Taking care to integrate your neutral
colors into the overall palette will add layers of depth and meaning to your work. In general, we think of neutral colors as those that have no definite identity. They are neither here nor there: not red, not yellow, not blue. We might define neutrals as the grays and browns we make when we mix all three primaries together. Thinking of landscape subjects, this calls to mind rocks, tree trunks, and branches; sand, clouds, and shadows also often qualify. But, in fact, most of the visual world is actually composed of neutrals. Grays and browns have all three primaries in
nearly equal proportions,
but the majority of the rest of the colors in the landscape involve at least a little red, yellow,
and
blue.
Imagine a grassy field in late spring. Green is surely the dominant color, but if you use a pure spectrum green, made of only blue and yellow, it will look artificial, like cheap plastic turf. You will probably want to add a little red to get it to look like it comes from this planet. The green will still dominate, but “neutralizing” the color a bit by adding its complement creates an earthier hue.
What color are the neutrals?
When a gray or brown is called for in a painting, consider giving it a noticeable color identity or temperature. Since neutrals like gray and brown are made up of all three primaries, it would be easy to let one of the component colors dominate just a bit. Alternatively, you could let all three remain visible by not mixing them too thoroughly. The resulting colors are clearly neutral, but the viewer is invited to do some of the work of mixing the components.

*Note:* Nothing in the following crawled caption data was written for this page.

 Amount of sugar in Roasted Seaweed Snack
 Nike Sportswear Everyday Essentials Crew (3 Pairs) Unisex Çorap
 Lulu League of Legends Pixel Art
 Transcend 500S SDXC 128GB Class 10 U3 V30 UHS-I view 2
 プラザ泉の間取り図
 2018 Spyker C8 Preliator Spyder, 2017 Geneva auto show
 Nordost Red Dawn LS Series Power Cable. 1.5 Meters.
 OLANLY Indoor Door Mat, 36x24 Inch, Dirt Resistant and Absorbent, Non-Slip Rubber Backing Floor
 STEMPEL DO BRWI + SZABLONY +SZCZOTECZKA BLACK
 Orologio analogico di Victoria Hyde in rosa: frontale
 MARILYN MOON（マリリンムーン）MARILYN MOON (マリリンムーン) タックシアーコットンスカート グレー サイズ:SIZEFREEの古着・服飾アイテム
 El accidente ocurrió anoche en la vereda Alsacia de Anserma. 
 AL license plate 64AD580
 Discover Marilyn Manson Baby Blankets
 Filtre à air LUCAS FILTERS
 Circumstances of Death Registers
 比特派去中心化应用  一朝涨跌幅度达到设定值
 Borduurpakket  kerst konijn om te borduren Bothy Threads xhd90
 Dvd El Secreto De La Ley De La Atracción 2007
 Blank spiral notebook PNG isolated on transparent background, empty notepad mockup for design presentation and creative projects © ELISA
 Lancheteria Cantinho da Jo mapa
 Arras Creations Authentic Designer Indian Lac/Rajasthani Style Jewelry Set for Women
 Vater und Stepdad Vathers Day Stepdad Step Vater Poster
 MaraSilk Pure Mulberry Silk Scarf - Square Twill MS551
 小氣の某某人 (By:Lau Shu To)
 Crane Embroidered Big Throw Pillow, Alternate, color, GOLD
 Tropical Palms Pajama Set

Choosing colors that are already present in the painting for your neutrals keeps them integrated in the scene. They should look like part of the same world you have been describing all along. Instead of automatically reaching for Payne’s gray and burnt umber, try using the red, yellow, and blue that are already at work on the page. The two quite different paintings on
these pages
both benefit from the coherence that comes from mixing the neutrals from the more intense colors that are used elsewhere on the page.
In this detail of
Socks
it is clear that, nominally, these are white socks, but the warm and cool component colors remain clearly visible. Likewise, the “gray” background reveals how it was mixed.
MARY WHYTE,
SOCKS,
2010
WATERCOLOR ON PAPER
13⅜ × 14¾ (34 × 37 CM)
The rich, dark background in this portrait appears very casual, but care has been taken to vary the color temperature. The darks are never merely dark neutrals.
ERIC WIEGARDT,
ILWACO SAILBOAT,
2009
WATERCOLOR ON PAPER
18 × 24 INCHES (46 × 61 CM)
Here the artist leaves the components of his neutrals visible on the page, rather than mixing them into simple gray or brown. When we see those same colors elsewhere in the painting, they resonate with our expectations.
ISKRA JOHNSON, STUDY FOR
FROM ONE TREE
, 2003
WATERCOLOR ON PAPER
5 × 6 INCHES (13 × 15 CM)
The potent pinks are surprising as the color of leaves, and they might seem unlikely out of context. But the artist has used the intense component colors as the basis for all her mixes, and the result is completely believable.
MARC FOLLY,
CHANTIER
, 2001
WATERCOLOR ON PAPER
9½ × 12¼ INCHES (24 × 31 CM)
Composition plays the major role in describing space in this industrial landscape. Marc Folly makes optimum use of dramatic linear perspective to locate the various elements relative to one another. The converging diagonals make us feel almost physically drawn into the trough, which takes up the entire distance from foreground to back. All the other features of the scene are squeezed into a shallow strip of territory at the far end, which goes even further to emphasize the cavernous foreground.
When composing
Gasworks,
below, for example, it was clear to me from the start that the arrangement of shapes would not be sufficient to describe the distance between the foreground and background. Recognizing that issue in advance and planning a solution were matters of awareness, rather than technique. Once I made a plan, I was able to shift the process from one set of skills (awareness) to the other (technique). Having done this, I could mix colors, adjust values, and apply strokes with a clear purpose.
TOM HOFFMANN,
GASWORKS,
2010
WATERCOLOR ON ARCHES COLD PRESS PAPER
9 × 13 INCHES (23 × 33 CM)
There is meant to be considerable space between the rusty gasworks structures and the skyline in this scene, but both elements rest on the same horizontal line, which could compromise the feeling of depth. Since placement alone was not going to create the desired illusion, relative value, color, and complexity were adjusted to contribute to the sense of space.